Lichtplanung im Altbau: So sanieren Sie mit Licht
Kurz beantwortet: Der Altbau ist lichttechnisch Fluch und Segen zugleich: wunderbare Raumhöhen und Details wie Stuck – aber meist nur ein bis zwei Deckenauslässe und keine Chance, mal eben Leitungen zu ziehen. Die Lösung ist eine Zwei-Klassen-Strategie: bei ohnehin geplanter Sanierung die Infrastruktur einmal richtig machen, ansonsten mit steckdosenbasierten Ebenen und Funktechnik arbeiten.
Szenario 1: Es wird sowieso saniert
Wenn Wände offen sind, gilt dasselbe wie im Neubau – nur mit einer Chance, die es nie wieder gibt: Jetzt lassen sich Auslässe an die richtigen Stellen legen, Dimmkreise trennen, Vouten vorbereiten und Außenbereiche anschließen. Planen Sie das Licht vor dem Elektriker-Termin, nicht danach – die Reihenfolge entscheidet über Jahrzehnte Wohnqualität. Der Ablauf entspricht der Neubau-Planung.
Szenario 2: Keine Baustelle gewünscht
Auch ohne einen einzigen neuen Draht wird der Altbau lichttechnisch erstklassig – mit der richtigen Taktik:
- Steh- und Tischleuchten als Ebenen-Ersatz: Deckenfluter nutzen die Raumhöhe für weiches Grundlicht, Leseleuchten setzen Funktionslicht
- Geschaltete Steckdosen & Funk-Zwischenstecker: mehrere Leuchten gemeinsam schalten und dimmen – Szenen ganz ohne Elektriker
- Wandleuchten mit Kabel: hochwertige Modelle mit sichtbarer Zuleitung sind im Altbau ein legitimes Stilmittel
- Vorhandene Auslässe aufwerten: die Deckenmitte mit einer blendfreien, indirekt strahlenden Leuchte bespielen statt mit der grellen „Baustellen-Glocke“
Altbau-Besonderheiten, die oft übersehen werden
Stuck verträgt keine wilden Spots – er lebt von streifendem, indirektem Licht, das seine Tiefe zeigt.

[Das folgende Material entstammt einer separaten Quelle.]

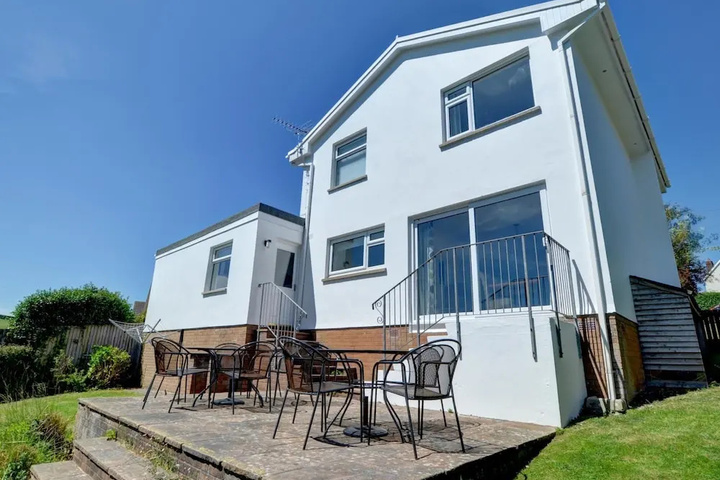 Magnificent Holiday Home in Georgeham near Beach
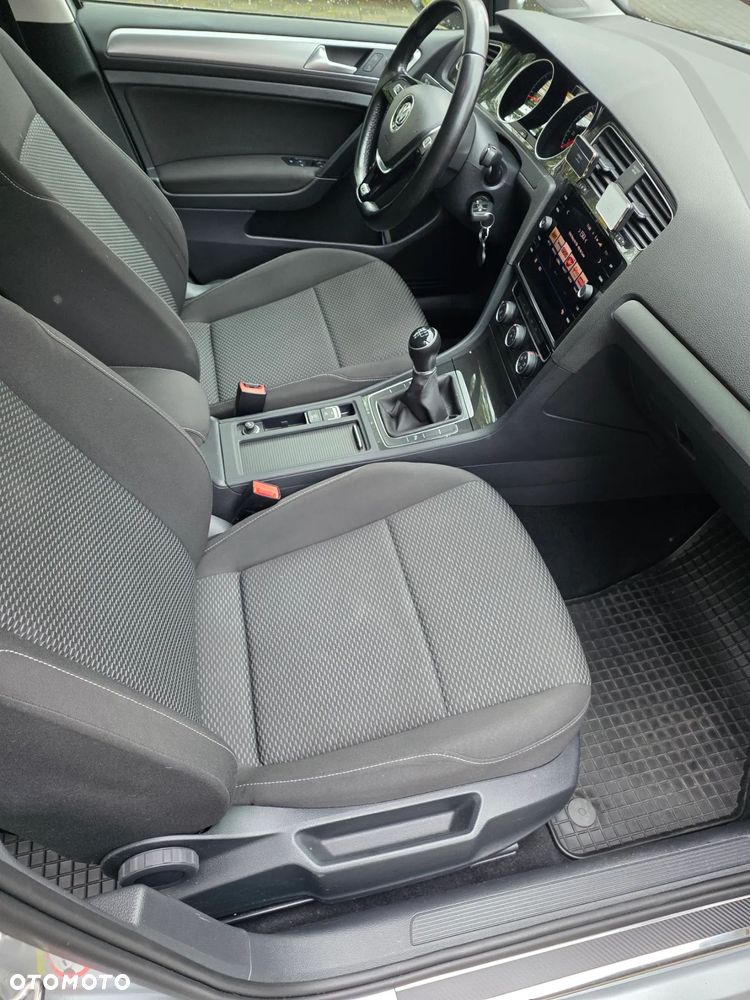 Volkswagen Golf VII 1.6 TDI BMT Trendline - 9
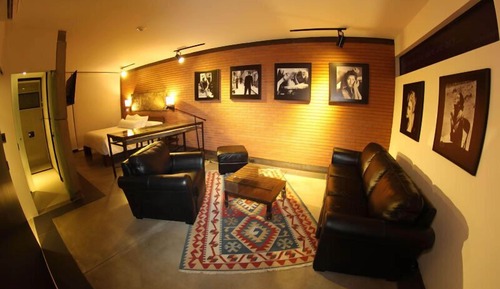 Executive Studio Suite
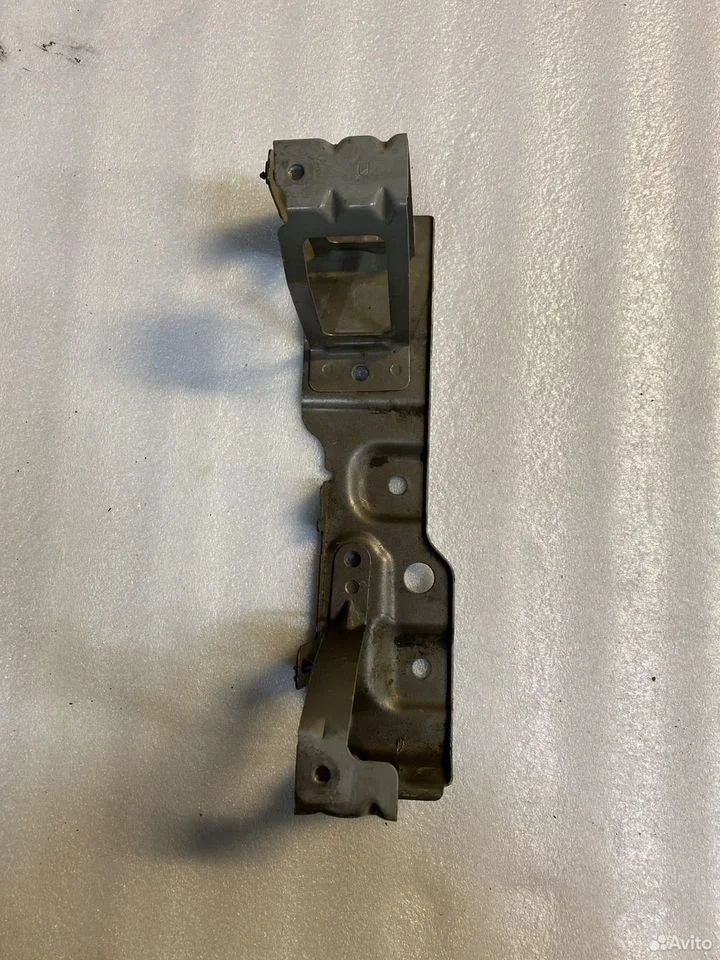 Кронштейн крыла правый nissan murano z51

Hohe Decken verlangen mehr Lichtstrom als die Standard-Lumen-Tabelle vorsieht (Faustwert: +20–30 % ab 3 m). Und in alten Elektroinstallationen ohne Schutzleiter gehören nur dafür zugelassene Leuchten – im Zweifel prüft das die Elektrofachkraft. Bei denkmalgeschützten Objekten kommen weitere Regeln dazu; dafür gibt es unseren Beitrag zu Licht im Denkmalschutz.
Unser Ansatz
Wir planen Altbauten regelmäßig in beiden Szenarien – von der Vollsanierung in Bottrop bis zur Finca auf Mallorca. Die Kunst liegt darin, den Charakter zu betonen statt ihn zu übertünchen: Der Altbau braucht kein Neubau-Licht, er braucht sein eigenes.
Häufige Fragen
Kann ich im Altbau gutes Licht ohne neue Leitungen bekommen?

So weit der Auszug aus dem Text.